"Different results for X-Validation (libSVM) in version 4.6
Dear community,
I am upgrading from rapidminer version 4.6 to 5 and I'm having some difficulties that I hope maybe someone can help me with.
I am using a data set consisting of 40 example set rows with 73 attributes (72 numerical + 1 numerical label). If anyone wants to reproduce the steps, here is the data in Excel format:http://jump.fm/PFMGS.
In rapidminer 4.6 I start the wizard, open x-validation with svm, import my data, and start the process. The result is 100% accuracy. Here are some screenshots:http://img696.imageshack.us/img696/2939/rapidminer4results.png
I tried to reconstruct this in rapidminer 5:
- I imported the data into my repository and created a new process
- Since the imported data was marked nominal by rm, I use Nominal to Numerical converter for the complete dataset
- the output goes into X-Validation module (default parameters as in rm 4.6). from there ave-output goes to results
- in the Validation module it looks like this
-- in training module there is the libSVM module (C-SVC, rbf kernel, gamma=0, C=32, epsilon = 0.0010, same as in rm 4.6)
-- in testing module I use Apply Model and then Performance Module (same default values as in rm 4.6
executing the process results in 90% accuracy. Screenshots:http://img42.imageshack.us/img42/9720/rapidminer5results.png
Did I make a mistake? Thanks for your help.
Alex
I am upgrading from rapidminer version 4.6 to 5 and I'm having some difficulties that I hope maybe someone can help me with.
I am using a data set consisting of 40 example set rows with 73 attributes (72 numerical + 1 numerical label). If anyone wants to reproduce the steps, here is the data in Excel format:http://jump.fm/PFMGS.
In rapidminer 4.6 I start the wizard, open x-validation with svm, import my data, and start the process. The result is 100% accuracy. Here are some screenshots:http://img696.imageshack.us/img696/2939/rapidminer4results.png
I tried to reconstruct this in rapidminer 5:
- I imported the data into my repository and created a new process
- Since the imported data was marked nominal by rm, I use Nominal to Numerical converter for the complete dataset
- the output goes into X-Validation module (default parameters as in rm 4.6). from there ave-output goes to results
- in the Validation module it looks like this
-- in training module there is the libSVM module (C-SVC, rbf kernel, gamma=0, C=32, epsilon = 0.0010, same as in rm 4.6)
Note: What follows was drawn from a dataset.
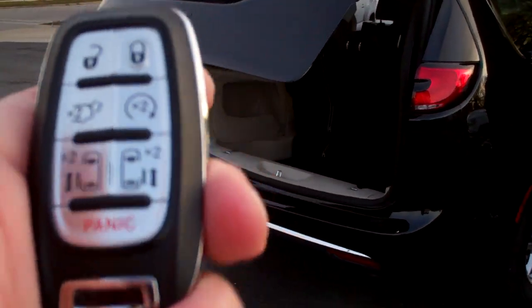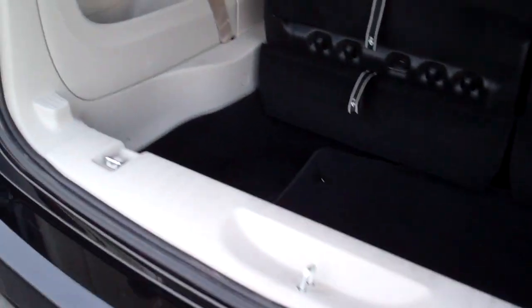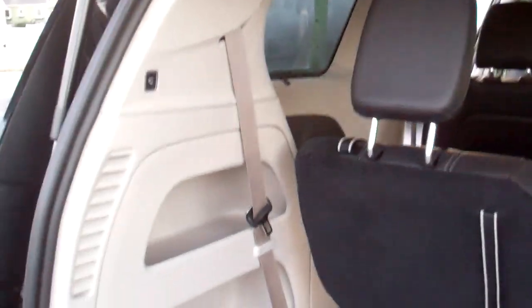You've got remote start, keyless entry, keyless start. It's got stow and go, so these seats will fold down flat as the floor in here. Same with those two middle seats — I'll show you where those go.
-- in testing module I use Apply Model and then Performance Module (same default values as in rm 4.6
executing the process results in 90% accuracy. Screenshots:http://img42.imageshack.us/img42/9720/rapidminer5results.png
Did I make a mistake? Thanks for your help.
Alex
Tagged:
0
Answers
did you ever try to set gamma != 0? As i understand correctly gamma=0 means, that it will be effectively set to 1 / num_attributes. I would recommend to set it fixed in both versions for comparable results (1/72). Also I recognized a difference in the random_seed parameter of the X-Validation operator which could affect the process.
I'm curious if this changes anything!
Just my two cents
Greetings, Harald
I used different values for gamma and played around with with random seed settings. Still the accuracy results from version 4.6 and 5 differ a lot using same input. Does anyone know why?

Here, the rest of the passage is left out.